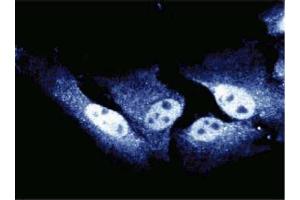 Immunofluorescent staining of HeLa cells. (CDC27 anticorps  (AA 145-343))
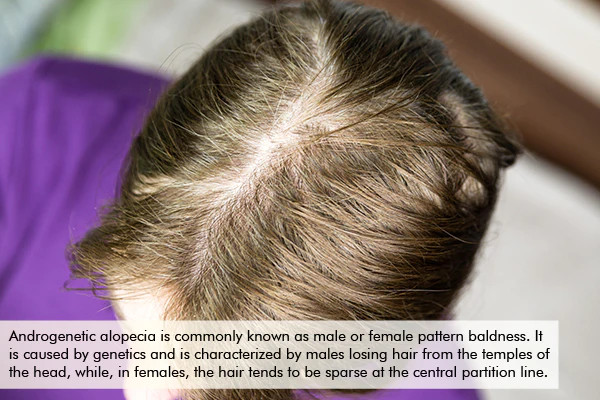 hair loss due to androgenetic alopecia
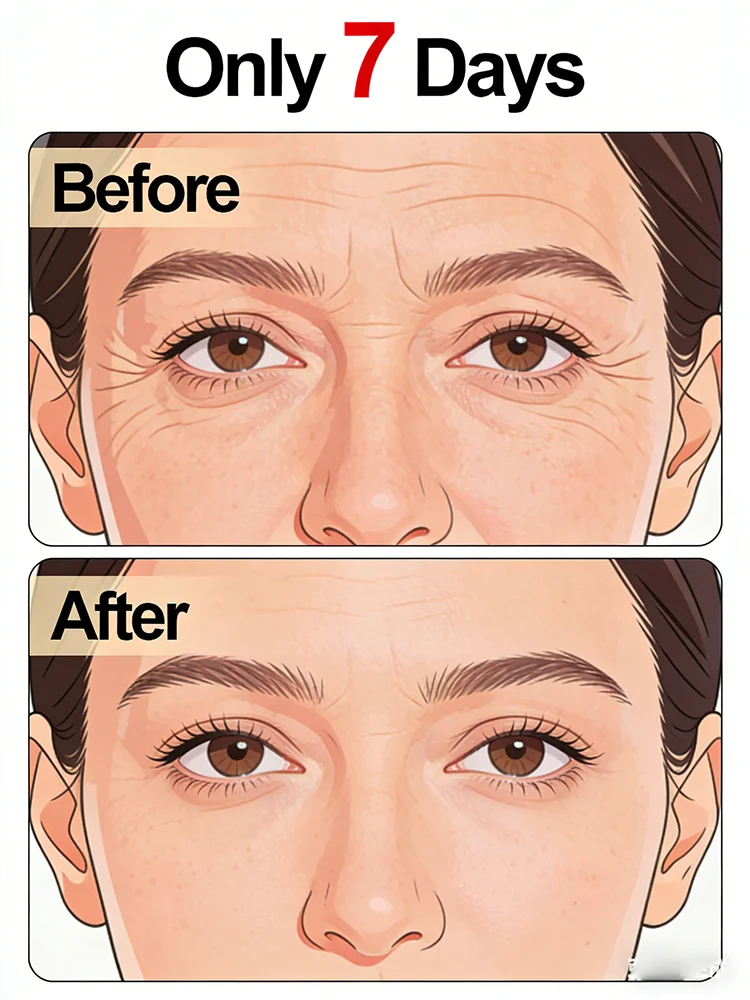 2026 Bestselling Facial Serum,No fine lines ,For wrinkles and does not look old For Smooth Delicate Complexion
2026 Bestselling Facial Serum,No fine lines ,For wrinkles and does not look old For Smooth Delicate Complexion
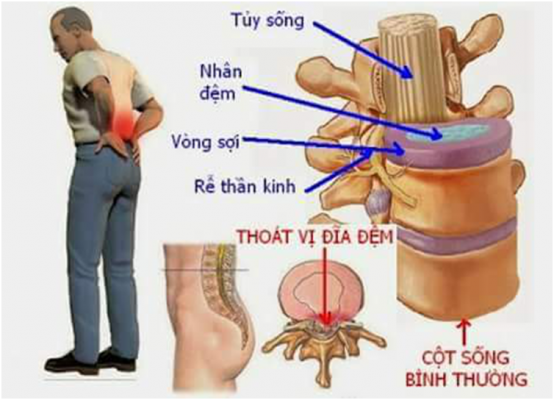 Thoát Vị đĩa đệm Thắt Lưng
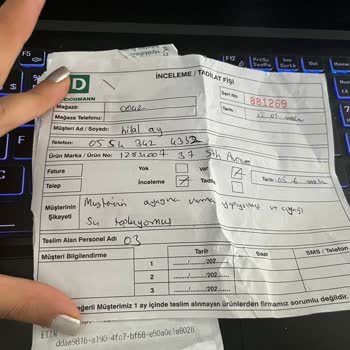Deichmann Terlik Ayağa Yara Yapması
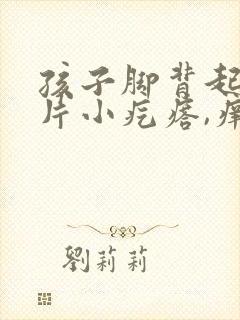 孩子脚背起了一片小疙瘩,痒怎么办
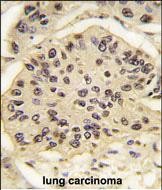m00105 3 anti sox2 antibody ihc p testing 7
· · ·
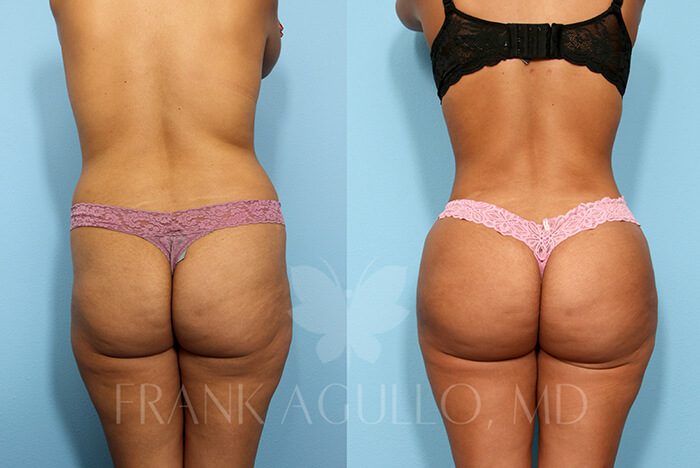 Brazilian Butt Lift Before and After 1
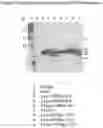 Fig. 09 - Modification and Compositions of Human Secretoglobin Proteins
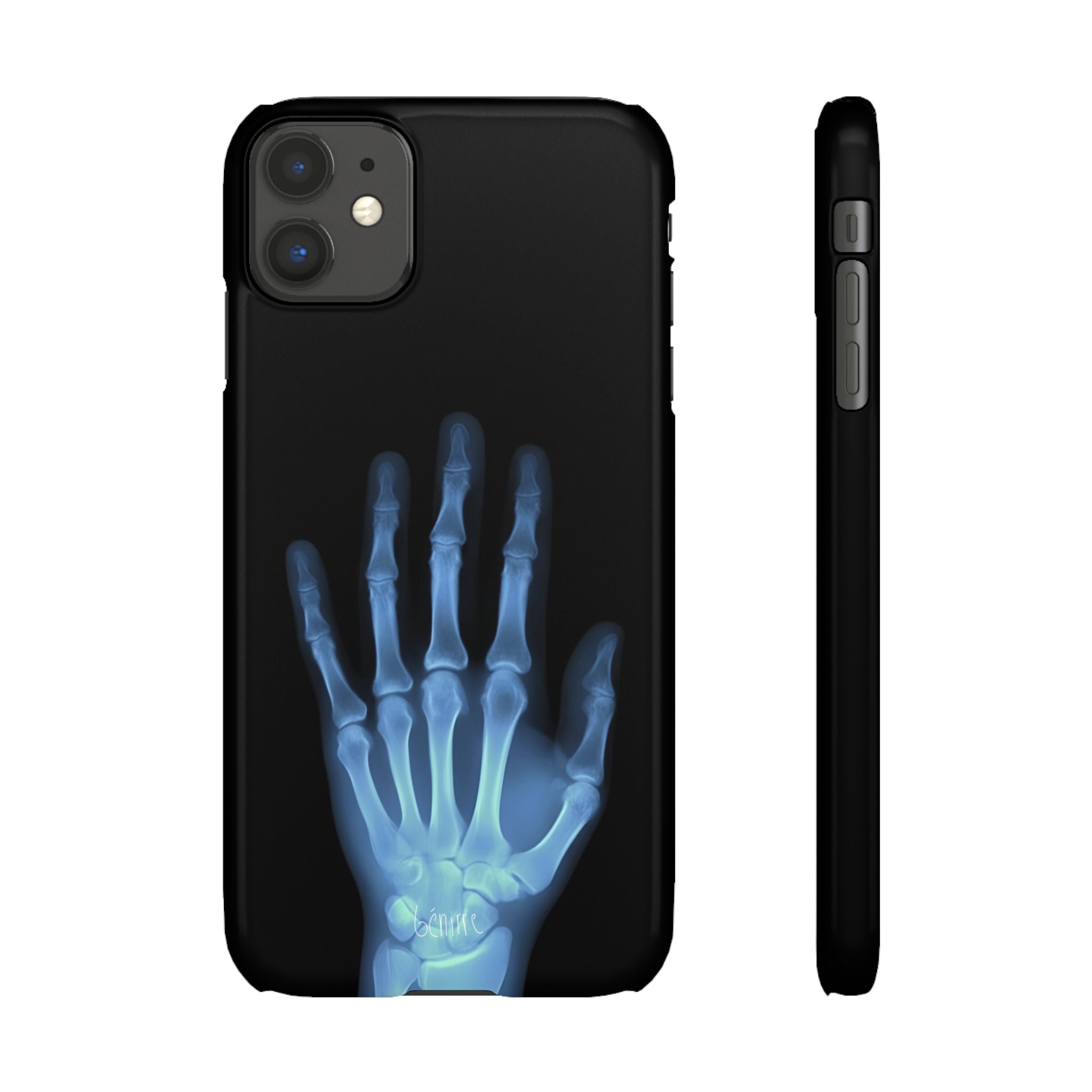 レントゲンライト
· · ·
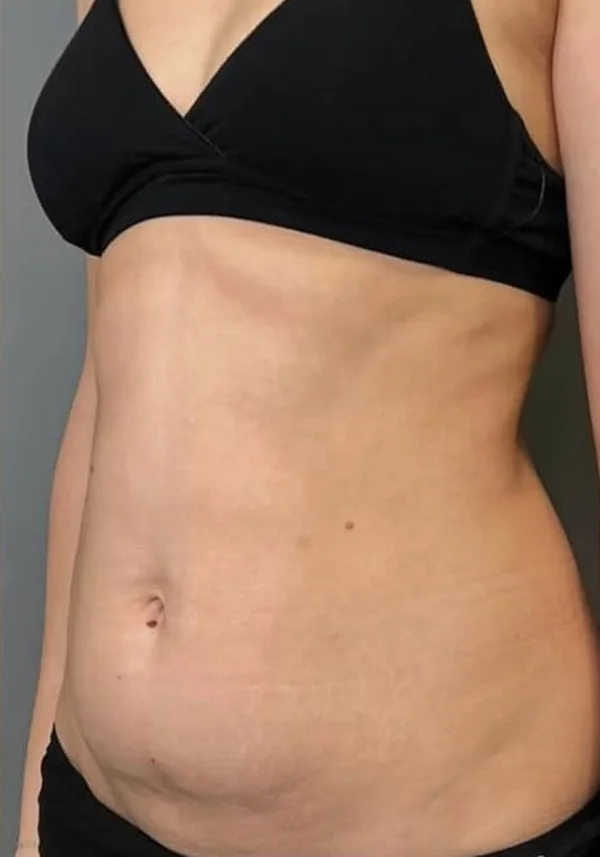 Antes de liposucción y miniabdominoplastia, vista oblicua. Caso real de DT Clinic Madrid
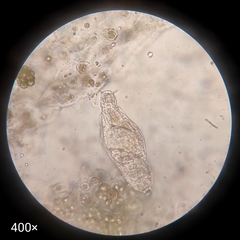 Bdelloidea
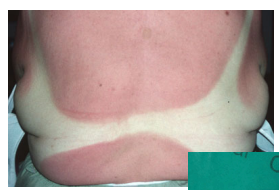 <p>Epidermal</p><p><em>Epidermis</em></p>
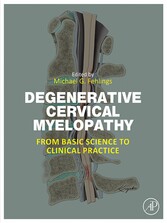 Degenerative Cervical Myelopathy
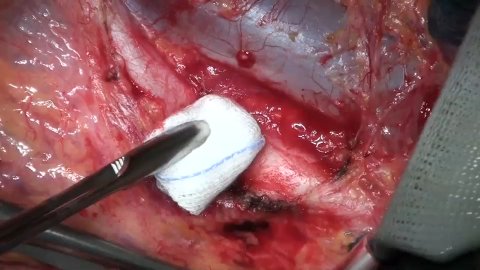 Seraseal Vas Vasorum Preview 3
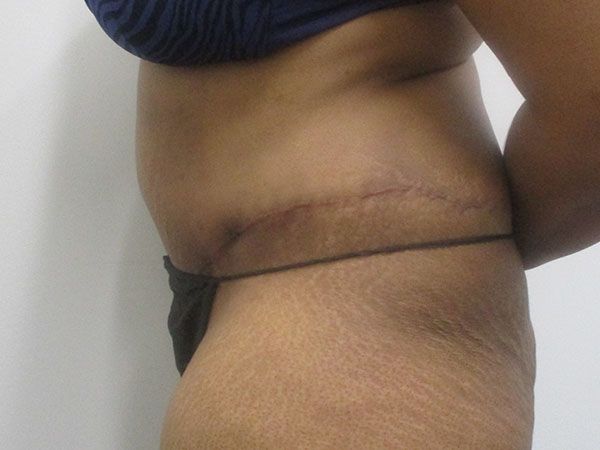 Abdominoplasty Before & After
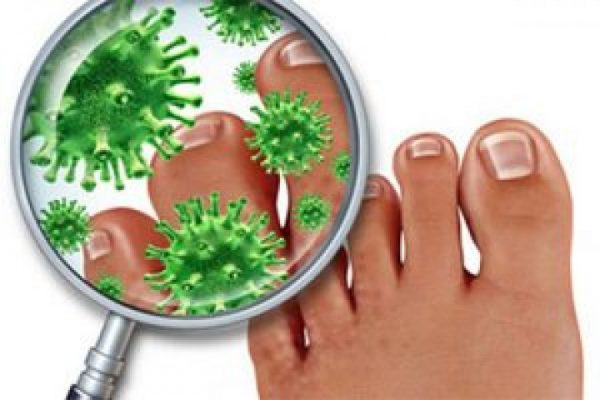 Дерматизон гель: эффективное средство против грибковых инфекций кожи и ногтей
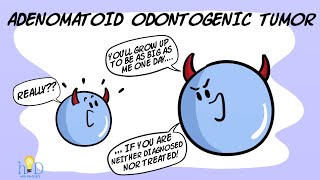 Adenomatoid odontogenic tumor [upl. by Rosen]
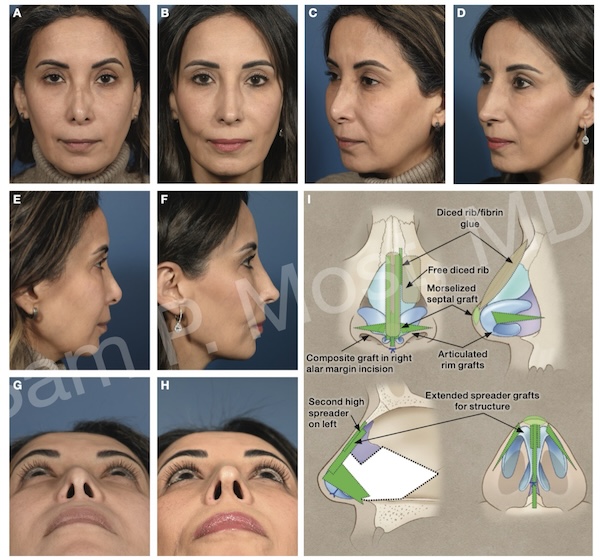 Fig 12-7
· · ·
In the records above, find the line with "Immunofluorescent staining of" and the line with "孩子脚背起了一片小疙瘩,痒怎么办". Write out exactly those lines and every one between, with no pictures and no other lines.

» Solution for this task:
 Immunofluorescent staining of HeLa cells. (CDC27 anticorps  (AA 145-343))
 hair loss due to androgenetic alopecia
 2026 Bestselling Facial Serum,No fine lines ,For wrinkles and does not look old For Smooth Delicate Complexion
2026 Bestselling Facial Serum,No fine lines ,For wrinkles and does not look old For Smooth Delicate Complexion
 Thoát Vị đĩa đệm Thắt Lưng
Deichmann Terlik Ayağa Yara Yapması
 孩子脚背起了一片小疙瘩,痒怎么办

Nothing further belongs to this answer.